**ASSIGNMENT**
Going through the material below, output exactly the lines from the one containing "سعر جديد لليرة" through the one containing "Coche RENAULT CLIO", and no pictures.

**TASK INPUT**

——————————

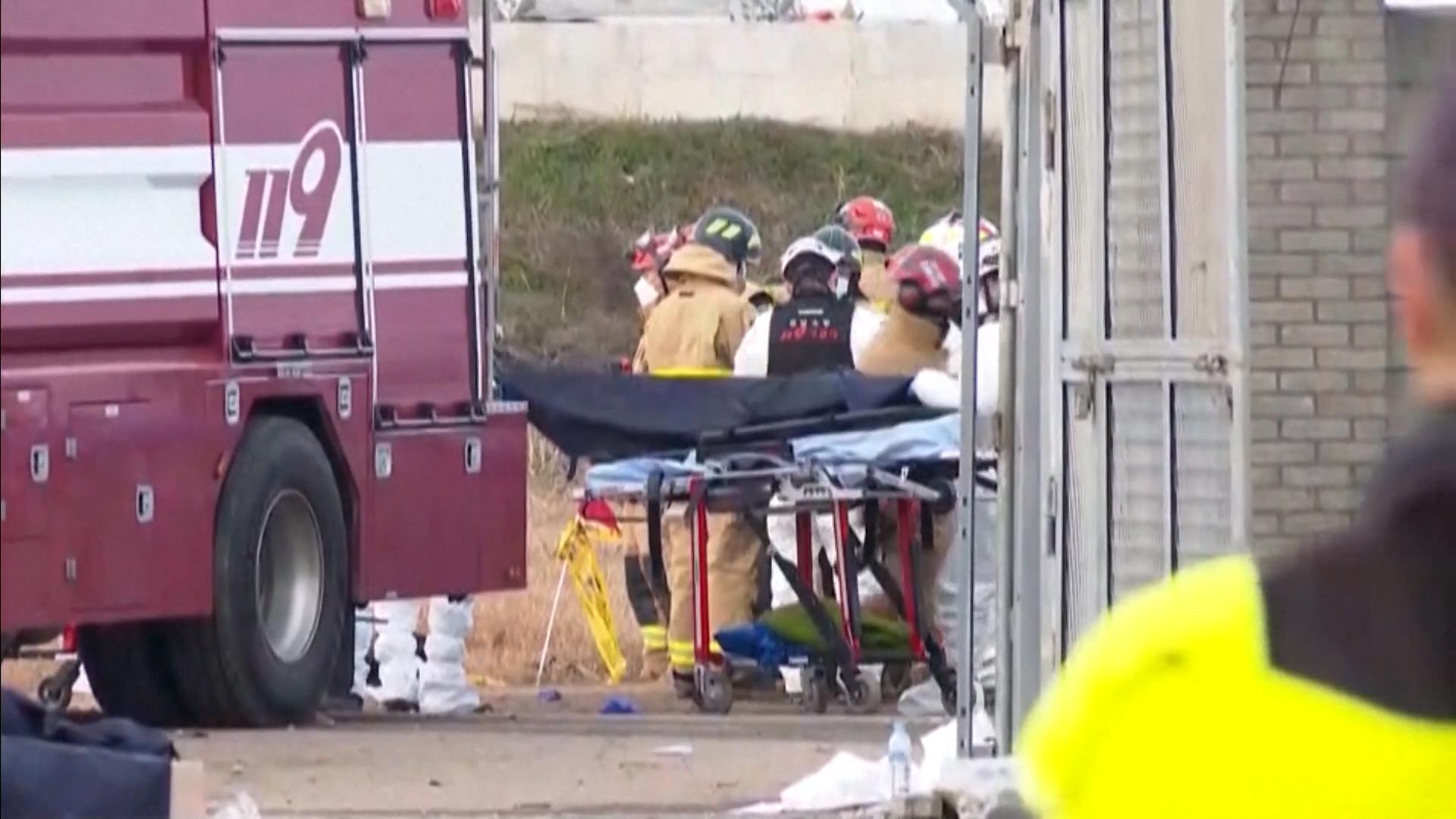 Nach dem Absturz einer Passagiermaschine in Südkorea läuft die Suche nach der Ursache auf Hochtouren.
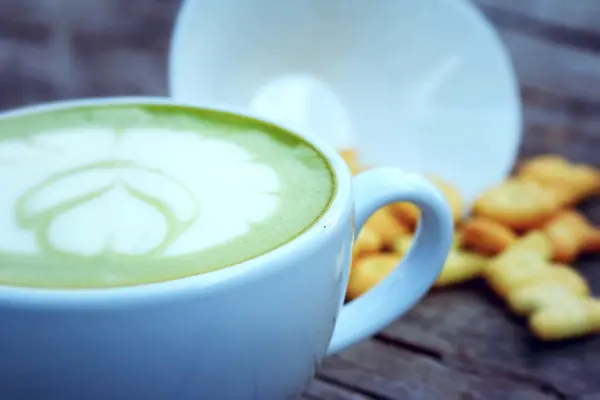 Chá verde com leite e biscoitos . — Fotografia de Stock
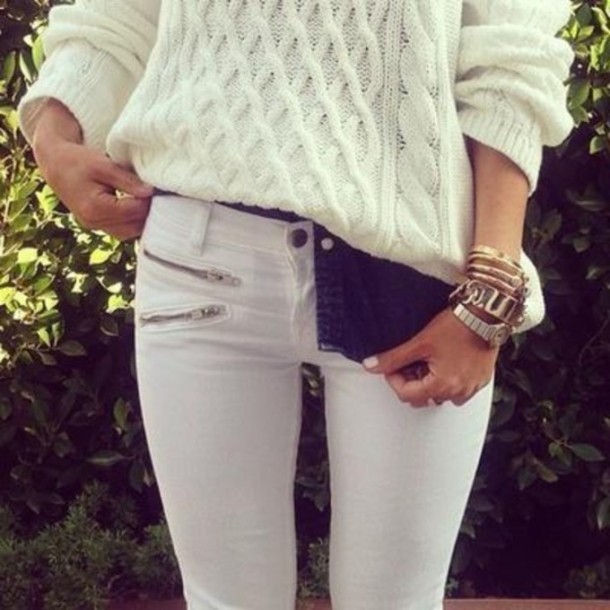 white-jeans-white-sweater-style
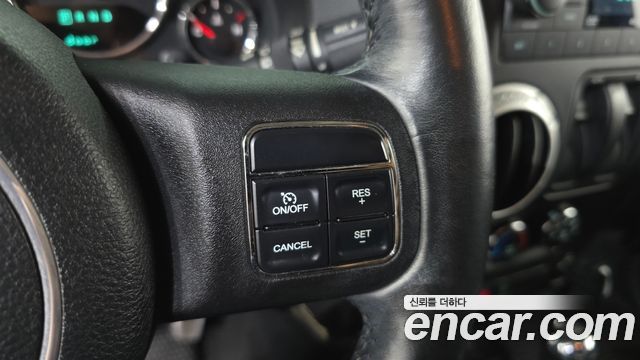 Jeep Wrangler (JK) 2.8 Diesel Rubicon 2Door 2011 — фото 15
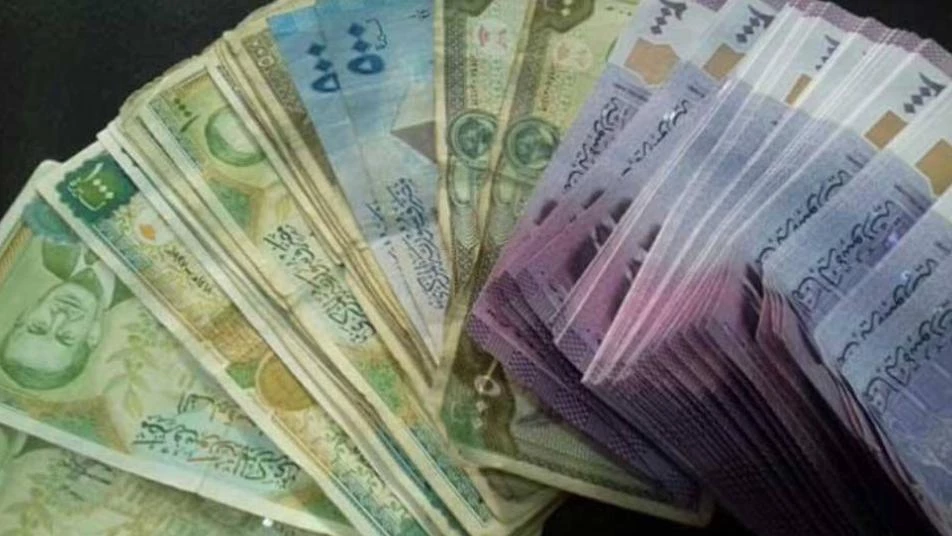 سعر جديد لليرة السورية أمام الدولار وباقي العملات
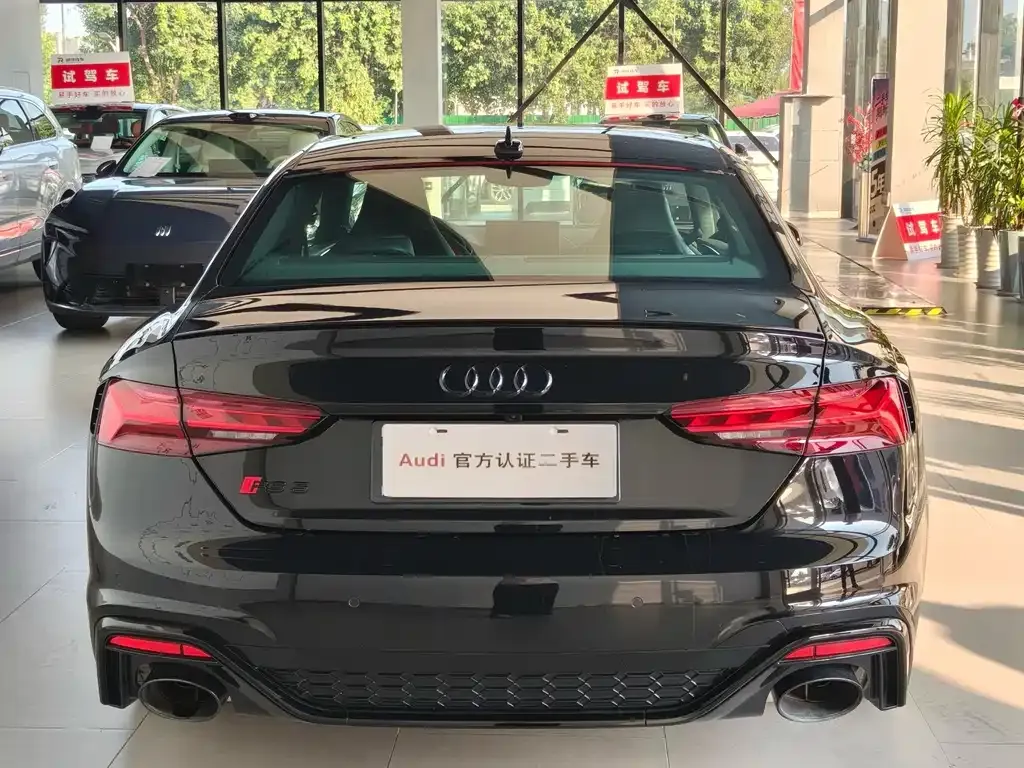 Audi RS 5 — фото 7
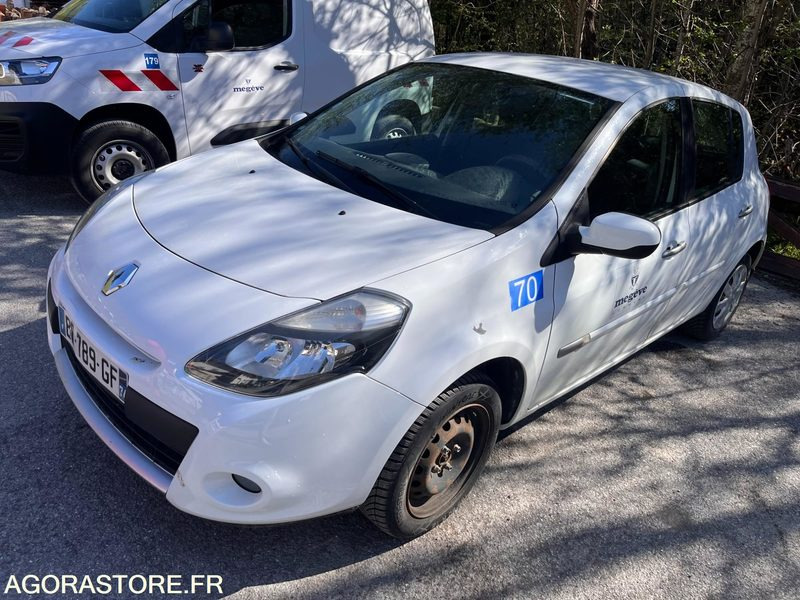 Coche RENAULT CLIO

——————————

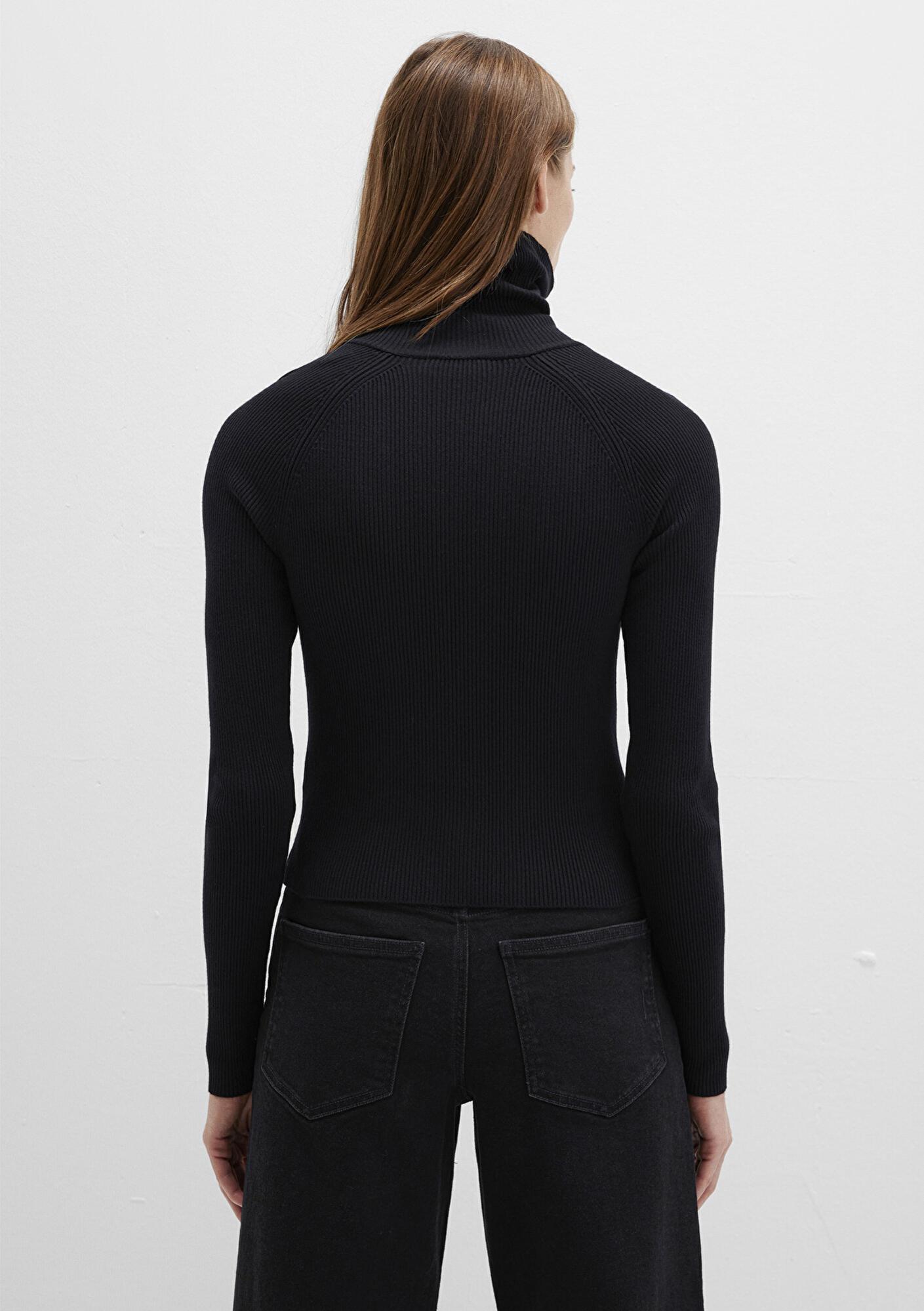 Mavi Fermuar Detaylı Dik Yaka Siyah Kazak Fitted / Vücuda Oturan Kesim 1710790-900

——————————

**OUTPUT OF THE TASK**
 سعر جديد لليرة السورية أمام الدولار وباقي العملات
 Audi RS 5 — фото 7
 Coche RENAULT CLIO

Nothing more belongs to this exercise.